After anonymously notifying Bitcoin ABC developers in April of a critical ‘chain-splitting’ bug in the Bitcoin Cash code, a Bitcoin Core developer has emerged to claim responsibility for the discovery — what he describes as a “wake-up call” for the entire cryptocurrency industry.
In a post on Medium, Cory Fields revealed that he was the individual responsible for the anonymous tip-off, having alerted Bitcoin ABC of the SIGHASH_BUG on the 25th of April, 2018.
According to Fields, the bug could have caused an unintended split in the Bitcoin Cash network — compromising the integrity of transactions, and potentially bringing the fourth-largest cryptocurrency by market capitalization to its knees.
The vulnerability was addressed by the ABC team, however, and was announced to have been mitigated on May the 7th. Included in the incident report was a technical description of the issue:
“An attacker may construct a malicious transaction which would be accepted by Bitcoin-ABC 0.17.0 and mined into a block. This block would be rejected by all other versions of Bitcoin Cash compliant implementations.”
Having avoided what Fields described as the “potential for catastrophe”, Bitcoin ABC acknowledged the actions of their unknown hero and offered them an unspecified bounty.
The Dangers of Disclosure
For Fields, however, anonymity meant safety.

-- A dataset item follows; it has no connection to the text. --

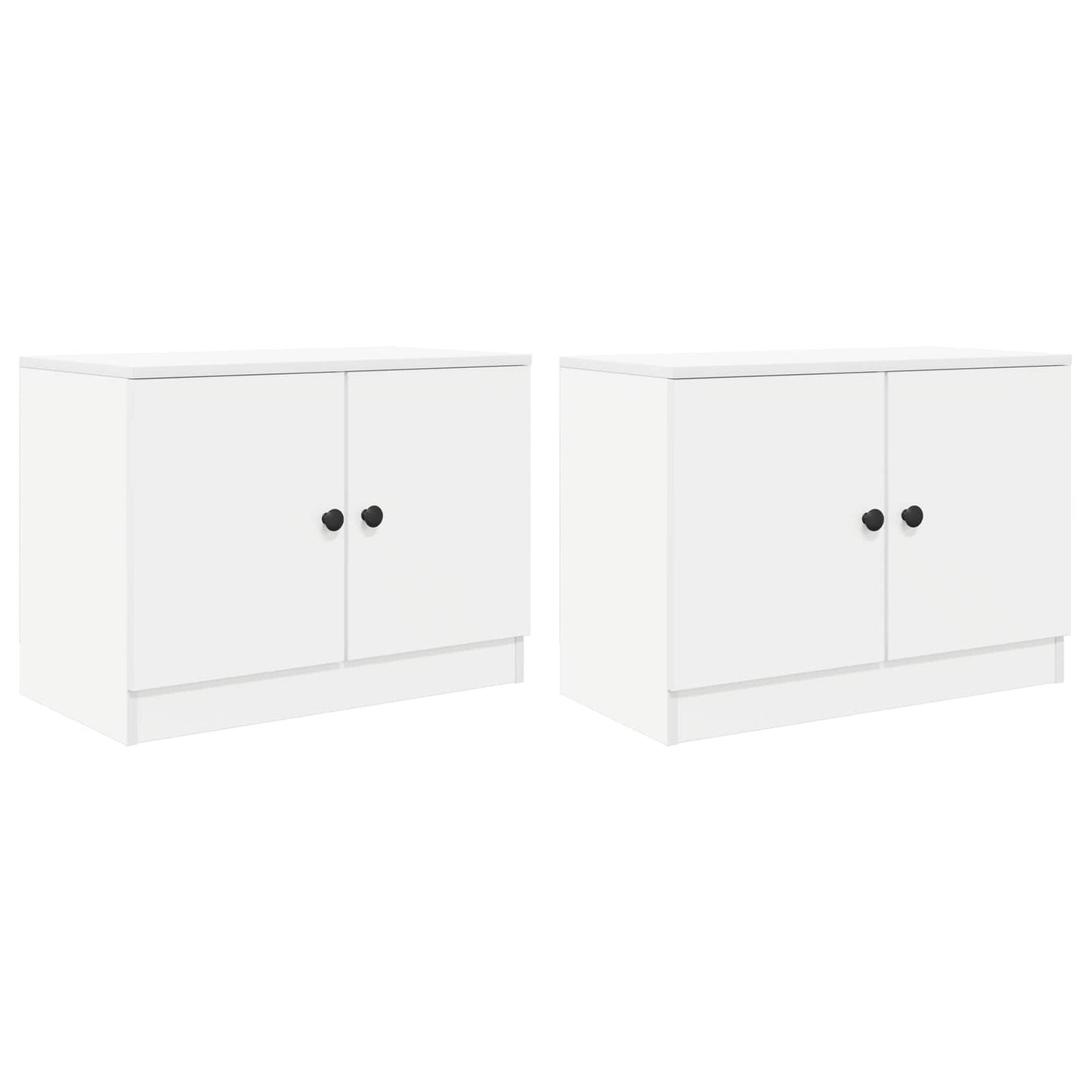 vidaXL Ντουλάπα Αποθήκευσης για Κρεβάτι σε Loft 2 τεμ. Λευκό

The developer explained that, had he openly disclosed the bug to ABC, he would be the first in the firing line if a hacker had exploited it — as the only identified individual to have knowledge of the vulnerability. Explaining his reasoning, Fields noted that “people have been killed for much less”:
“I would have no way to prove that I was not the attacker. Then consider that, collectively, billions of dollars could have been lost as a result of this exploit. People have been killed for much less. So not only was anonymity important, I considered it a necessity for my safety.”

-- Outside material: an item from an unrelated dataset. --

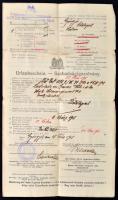 1918 Huszárezredben szolgált katona szabadságigazolványa / Freetime warrant for soldier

Fields went on to explain that Bitcoin ABC’s lack of a responsible disclosure policy may be partly to blame — a legislation he describes as a “must-have for any security-critical project”.

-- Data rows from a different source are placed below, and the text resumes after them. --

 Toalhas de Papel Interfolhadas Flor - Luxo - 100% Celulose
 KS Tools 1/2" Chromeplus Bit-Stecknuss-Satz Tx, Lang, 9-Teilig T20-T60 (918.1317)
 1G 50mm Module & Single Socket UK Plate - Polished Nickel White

Where some would see the BCH bug as water under the bridge, Fields maintains that the issue was not endemic — and was a “real-world example” of the significant challenges facing all cryptocurrencies, including Bitcoin. He wrote:
“I’m often asked at conferences and workshops what I consider to be Bitcoin’s greatest challenge in the future. My answer is always the same: avoiding catastrophic software bugs.”
According to the developer, all projects must be adequately prepared for any eventuality — one might entertain the idea that disclosure policy is the tip of the iceberg.